Rent will probably be your biggest ongoing cost when you’re flatting. You can look online to get an idea of typical rents in your desired location. Then, using our budgeting tool, you can work out how rent will fit into your overall spending plan. You’ll also typically need to plan to pay a bond of up to four weeks’ rent, plus two weeks’ rent in advance, so you’ll need to budget to save up. Ideally it would be good to keep your rent to 30% or less of your entire budget, and all your living expenses to 50% or less, but that’s not always possible.

Joint or separate bank accounts? What’s better for saving and budgeting?

More couples these days seem to be managing their money separately, which is good for each person’s autonomy and independence, but not necessarily for communicating. It’s so important to communicate well about money in a relationship. And while it’s only natural to have differences of opinion, getting on the same page brings many opportunities to get ahead financially that we wouldn’t have on our own. Here’s more for when you’re planning with your partner.

Am I better off having different bank accounts for savings?

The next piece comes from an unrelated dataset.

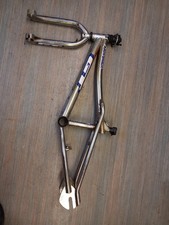 GT PERFORMER BMX FRAME WITH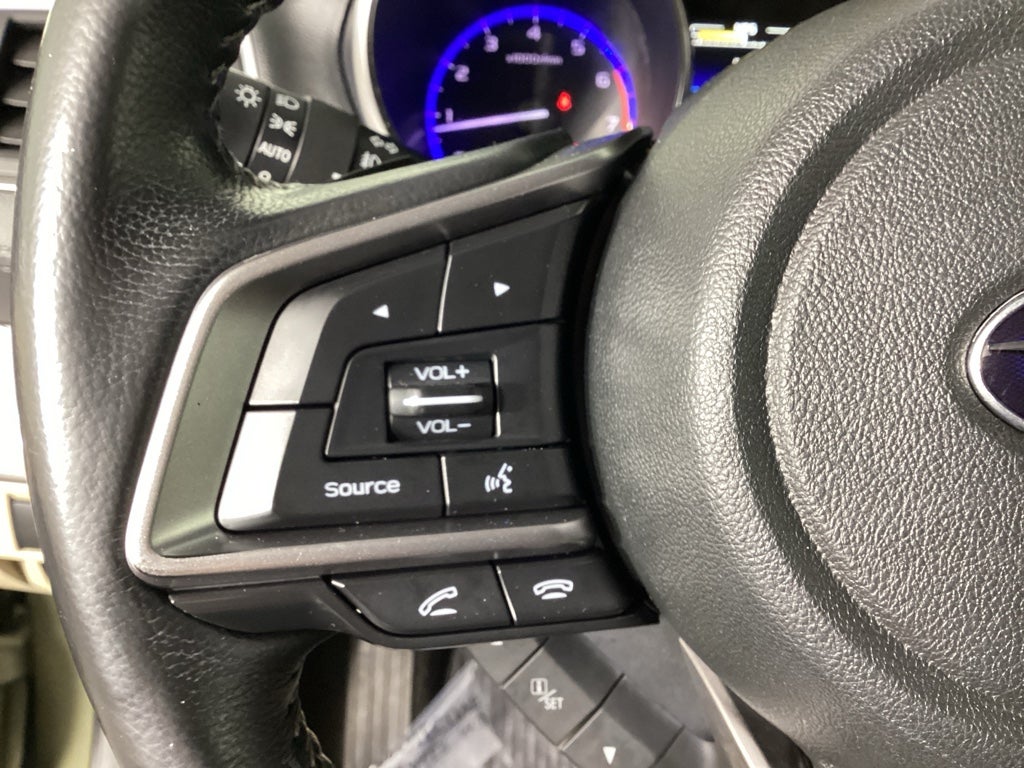 2018 Subaru Outback Premium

Probably. Having a separate account to funnel your savings into helps it grow and not get mixed in with all your other spending. And the more automatic and out of sight, the better. We’re guessing you’re not just saving for the fun of it, but for goals you want to achieve. Having separate accounts for each of your targets is also useful, not only because you can more easily track your progress, but also in case you need to look at some other investment options for one or other of your goals (like term deposits for the short term, a managed fund for the medium term). Here are more goal-setting ideas.

My income has dropped – should I consider downsizing my home?

Before taking such drastic action, it can help to get an accurate picture of where you are at financially. Review your incomings and outgoings, and look for alternative ways to trim and get through the lean times without having to move. The cost of selling and moving could eat into the amount you’re aiming to save. Here’s our budgeting tool to get a clear picture first.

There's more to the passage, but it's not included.